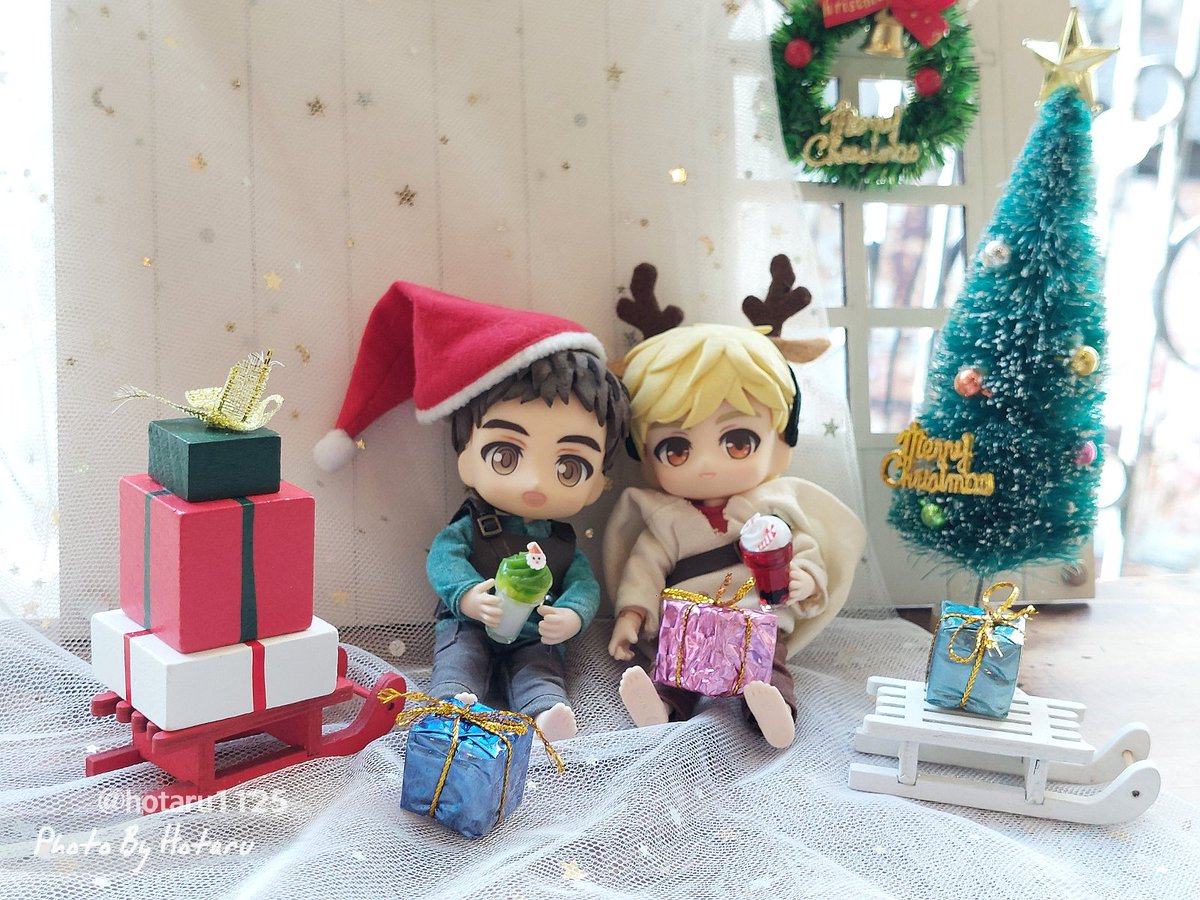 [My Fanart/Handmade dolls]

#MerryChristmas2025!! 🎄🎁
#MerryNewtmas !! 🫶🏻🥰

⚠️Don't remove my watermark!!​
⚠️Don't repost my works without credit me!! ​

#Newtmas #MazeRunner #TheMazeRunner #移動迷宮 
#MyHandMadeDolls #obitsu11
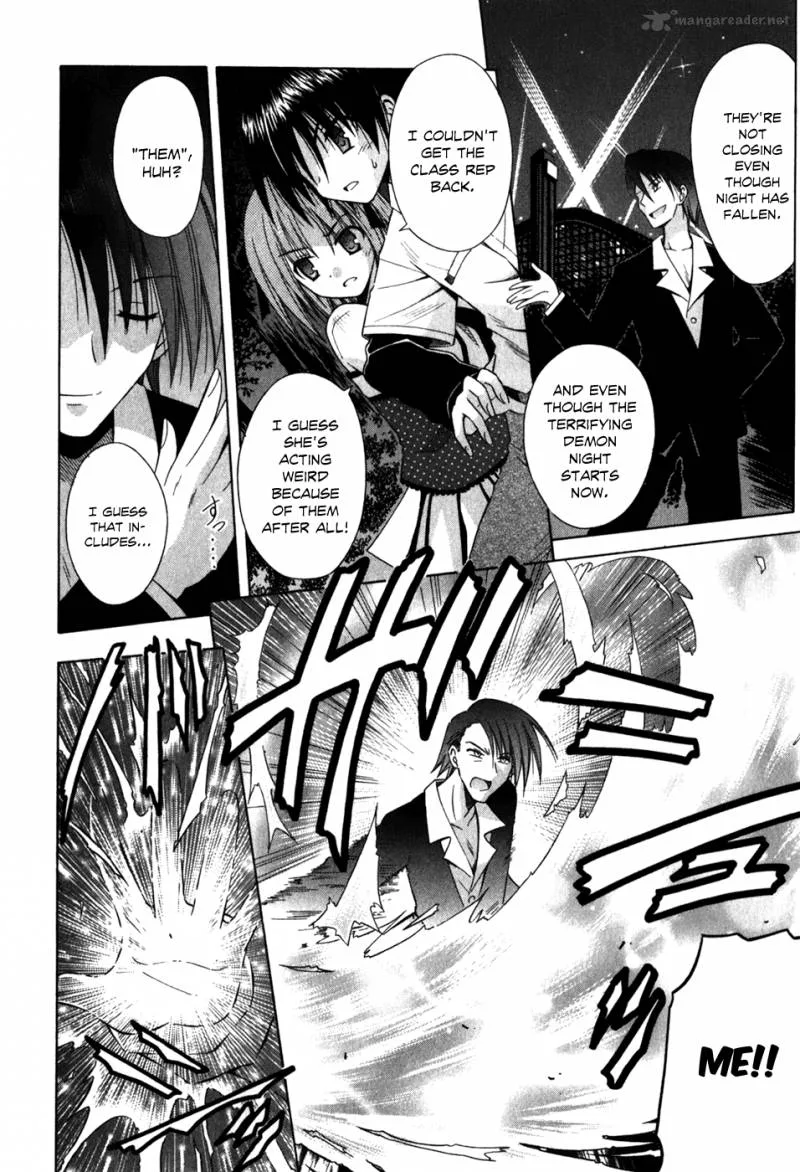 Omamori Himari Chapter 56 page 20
* * *
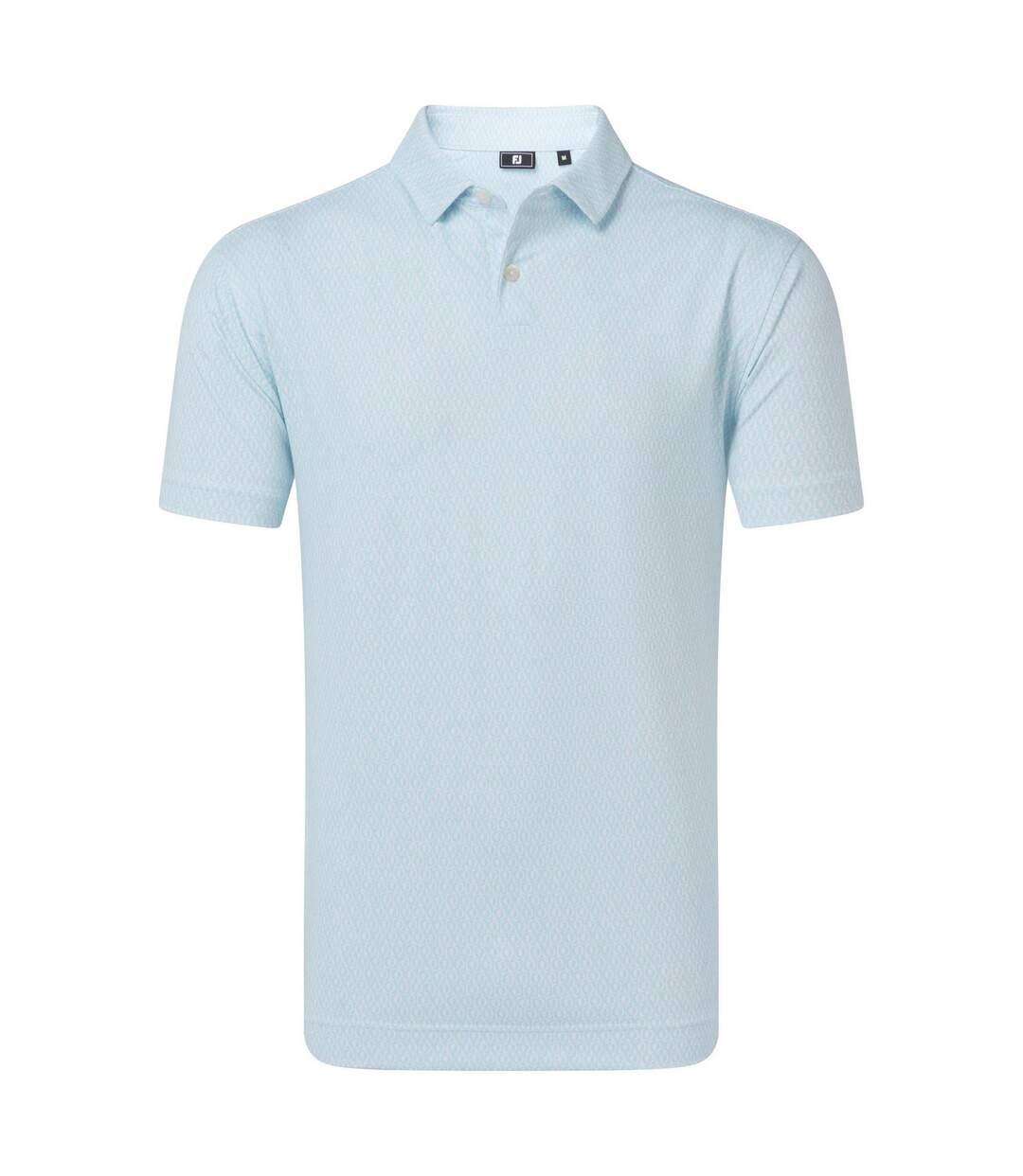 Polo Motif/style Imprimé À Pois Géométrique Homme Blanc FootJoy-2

■ Task objective
After locating "#MerryNewtmas !! 🫶🏻🥰" and "Omamori Himari Chapter 56 page 20" in the records above, return exactly the line holding each one and every line between them; leave out the pictures.

■ Response to the exercise
#MerryNewtmas !! 🫶🏻🥰

⚠️Don't remove my watermark!!​
⚠️Don't repost my works without credit me!! ​

#Newtmas #MazeRunner #TheMazeRunner #移動迷宮 
#MyHandMadeDolls #obitsu11
 Omamori Himari Chapter 56 page 20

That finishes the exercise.